Open dannybeckett opened 1 month ago
Generally, I think only global robots should be included in AWStats robots.pm
. Every entry slows AWStats down, and web-host specific entries would only be relevant to the few using that web-host. Possibly adding a generic catch-all pattern for monitor
might be worth having.
For custom/local robots, the documented way to handle them is to include them in a SkipUserAgent
directive, or locally modify robots.pm
: https://www.awstats.org/docs/awstats_config.html#SkipUserAgents
It would be nice if there was a way to avoid directly modifying robots.pm
. Possibly this could be done via a plugin or new directive.
@chuckhoupt The SkipUserAgents
option sounds perfect, thank you! I now have these options set:
SkipUserAgents="Hetzner_System_Monitoring"
OnlyUserAgents=""
LogFormat=1
I noticed in the Docs it says that it only affects future logs that will be processed.
I tried to regenerate the stats using this tool in Plesk:
plesk sbin statistics --generate-all-webstat
plesk sbin statistics --calculate-all
However it is still showing up in Unknown Browsers:
After looking at the Apache access log, it seems that AWStats is replacing spaces with underscores in the user agent:
213.133.113.83 - - [23/Jul/2024:13:49:18 +0100] "GET / HTTP/1.1" 301 162 "-" "Hetzner System Monitoring"
I would try with spaces instead of underscores, but it seems that SkipUserAgents
uses the space character as a separator.
I just tried this RegEx but it still shows up in AWStats unfortunately:
SkipUserAgents="REGEX[Hetzner\sSystem\sMonitoring]"
I also tried:
SkipUserAgents="REGEX[.*Monitoring.*]"
And:
SkipUserAgents="REGEX[Monitoring]"
I also tried to manually regenerate the stats using this tool in Plesk, but it didn't help.

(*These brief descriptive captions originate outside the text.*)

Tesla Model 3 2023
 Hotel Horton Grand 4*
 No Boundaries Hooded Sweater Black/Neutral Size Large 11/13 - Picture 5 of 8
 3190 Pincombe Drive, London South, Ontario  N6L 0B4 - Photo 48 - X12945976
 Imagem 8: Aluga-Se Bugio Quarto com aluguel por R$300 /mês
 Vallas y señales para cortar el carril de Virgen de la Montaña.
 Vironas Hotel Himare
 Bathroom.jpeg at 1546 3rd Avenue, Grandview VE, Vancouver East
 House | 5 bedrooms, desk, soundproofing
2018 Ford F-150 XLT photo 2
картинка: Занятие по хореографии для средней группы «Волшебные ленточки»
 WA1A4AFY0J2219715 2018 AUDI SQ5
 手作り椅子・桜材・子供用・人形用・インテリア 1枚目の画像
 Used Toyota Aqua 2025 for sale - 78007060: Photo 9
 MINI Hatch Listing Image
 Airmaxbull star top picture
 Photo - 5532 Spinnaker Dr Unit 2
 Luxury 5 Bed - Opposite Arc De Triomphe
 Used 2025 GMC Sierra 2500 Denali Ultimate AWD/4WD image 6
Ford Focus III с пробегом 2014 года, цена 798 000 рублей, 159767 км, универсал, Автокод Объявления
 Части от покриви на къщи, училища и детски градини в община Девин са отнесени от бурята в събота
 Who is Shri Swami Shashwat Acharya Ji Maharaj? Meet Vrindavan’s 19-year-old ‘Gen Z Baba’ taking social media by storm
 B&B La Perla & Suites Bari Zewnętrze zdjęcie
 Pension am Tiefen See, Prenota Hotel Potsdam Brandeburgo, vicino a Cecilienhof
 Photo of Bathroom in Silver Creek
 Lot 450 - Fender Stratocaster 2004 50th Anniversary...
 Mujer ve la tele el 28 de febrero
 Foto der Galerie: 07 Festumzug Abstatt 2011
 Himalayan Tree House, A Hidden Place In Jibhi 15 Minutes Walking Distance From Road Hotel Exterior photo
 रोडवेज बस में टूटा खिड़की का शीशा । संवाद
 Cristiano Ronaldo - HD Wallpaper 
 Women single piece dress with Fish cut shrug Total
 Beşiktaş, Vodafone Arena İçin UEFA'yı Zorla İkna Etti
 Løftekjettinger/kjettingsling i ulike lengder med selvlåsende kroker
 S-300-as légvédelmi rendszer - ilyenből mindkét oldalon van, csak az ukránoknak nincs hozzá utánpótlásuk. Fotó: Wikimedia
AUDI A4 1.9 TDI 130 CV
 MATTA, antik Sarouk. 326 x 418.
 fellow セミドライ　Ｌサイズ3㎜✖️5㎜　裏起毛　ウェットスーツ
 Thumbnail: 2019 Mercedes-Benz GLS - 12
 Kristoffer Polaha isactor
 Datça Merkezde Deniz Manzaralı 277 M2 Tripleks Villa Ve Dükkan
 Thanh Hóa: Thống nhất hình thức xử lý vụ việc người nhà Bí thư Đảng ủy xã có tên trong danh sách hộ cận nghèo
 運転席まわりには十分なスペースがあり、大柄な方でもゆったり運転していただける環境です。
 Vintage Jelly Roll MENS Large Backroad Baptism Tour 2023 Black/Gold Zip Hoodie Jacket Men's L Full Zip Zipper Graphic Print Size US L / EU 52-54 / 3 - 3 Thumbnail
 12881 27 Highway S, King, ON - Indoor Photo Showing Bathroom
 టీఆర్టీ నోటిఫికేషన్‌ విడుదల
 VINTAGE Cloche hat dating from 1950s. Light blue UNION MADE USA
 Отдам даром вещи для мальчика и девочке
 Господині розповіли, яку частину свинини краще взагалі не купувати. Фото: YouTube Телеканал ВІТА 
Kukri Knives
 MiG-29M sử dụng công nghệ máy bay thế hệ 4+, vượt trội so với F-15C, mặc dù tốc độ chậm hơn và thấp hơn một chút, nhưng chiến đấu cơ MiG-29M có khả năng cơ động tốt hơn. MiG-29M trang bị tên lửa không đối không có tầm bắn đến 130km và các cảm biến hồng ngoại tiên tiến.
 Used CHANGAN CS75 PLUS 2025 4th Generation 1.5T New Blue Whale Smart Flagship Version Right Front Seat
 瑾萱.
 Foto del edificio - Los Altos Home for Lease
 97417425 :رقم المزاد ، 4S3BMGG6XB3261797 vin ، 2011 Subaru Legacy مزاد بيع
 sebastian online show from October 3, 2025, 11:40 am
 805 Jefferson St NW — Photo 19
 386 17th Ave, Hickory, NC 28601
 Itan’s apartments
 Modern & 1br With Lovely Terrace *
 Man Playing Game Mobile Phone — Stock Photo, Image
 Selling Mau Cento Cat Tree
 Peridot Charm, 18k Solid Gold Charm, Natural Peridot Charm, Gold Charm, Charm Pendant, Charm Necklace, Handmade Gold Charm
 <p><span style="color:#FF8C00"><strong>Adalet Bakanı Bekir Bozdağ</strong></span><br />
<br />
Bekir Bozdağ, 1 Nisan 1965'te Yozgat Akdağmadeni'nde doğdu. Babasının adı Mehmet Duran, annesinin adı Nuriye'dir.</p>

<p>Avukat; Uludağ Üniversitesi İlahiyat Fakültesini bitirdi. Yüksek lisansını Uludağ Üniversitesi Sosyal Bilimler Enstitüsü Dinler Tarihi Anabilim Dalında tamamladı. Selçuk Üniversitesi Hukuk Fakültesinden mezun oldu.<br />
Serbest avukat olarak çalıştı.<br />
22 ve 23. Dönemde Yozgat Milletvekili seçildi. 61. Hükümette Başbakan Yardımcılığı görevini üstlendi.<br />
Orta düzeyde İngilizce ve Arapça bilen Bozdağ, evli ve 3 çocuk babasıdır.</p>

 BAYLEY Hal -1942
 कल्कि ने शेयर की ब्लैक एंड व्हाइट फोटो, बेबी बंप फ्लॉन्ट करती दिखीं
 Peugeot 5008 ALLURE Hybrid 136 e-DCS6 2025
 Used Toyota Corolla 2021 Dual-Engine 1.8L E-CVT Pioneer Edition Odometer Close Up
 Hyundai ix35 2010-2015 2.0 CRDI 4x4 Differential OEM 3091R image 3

On the plus side, it does appear to have prevented it from showing up in future stats. I can see that this useragent has not visited the site for about an hour, when I know it accesses our site every 5 minutes - so it looks like it should be hidden next month :)
I have left the option set as:
SkipUserAgents="REGEX[Hetzner\sSystem\sMonitoring]"
Hi guys
Please could you add this to robots? It is our server provider's monitoring service and it generates a lot of hits.
User-Agent:
Hetzner_System_Monitoring
Thanks!